··· ENTRIES SHOWN ···
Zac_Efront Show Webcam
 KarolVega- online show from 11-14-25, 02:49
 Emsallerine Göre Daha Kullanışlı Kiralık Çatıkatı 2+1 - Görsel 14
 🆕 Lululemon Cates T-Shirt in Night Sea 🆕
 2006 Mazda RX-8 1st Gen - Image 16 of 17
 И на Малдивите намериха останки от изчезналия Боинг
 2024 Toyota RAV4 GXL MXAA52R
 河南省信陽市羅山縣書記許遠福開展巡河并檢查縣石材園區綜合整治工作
···
TO DO: Set down every entry exactly as it appears.

WRITTEN RESPONSE:
Zac_Efront Show Webcam
 KarolVega- online show from 11-14-25, 02:49
 Emsallerine Göre Daha Kullanışlı Kiralık Çatıkatı 2+1 - Görsel 14
 🆕 Lululemon Cates T-Shirt in Night Sea 🆕
 2006 Mazda RX-8 1st Gen - Image 16 of 17
 И на Малдивите намериха останки от изчезналия Боинг
 2024 Toyota RAV4 GXL MXAA52R
 河南省信陽市羅山縣書記許遠福開展巡河并檢查縣石材園區綜合整治工作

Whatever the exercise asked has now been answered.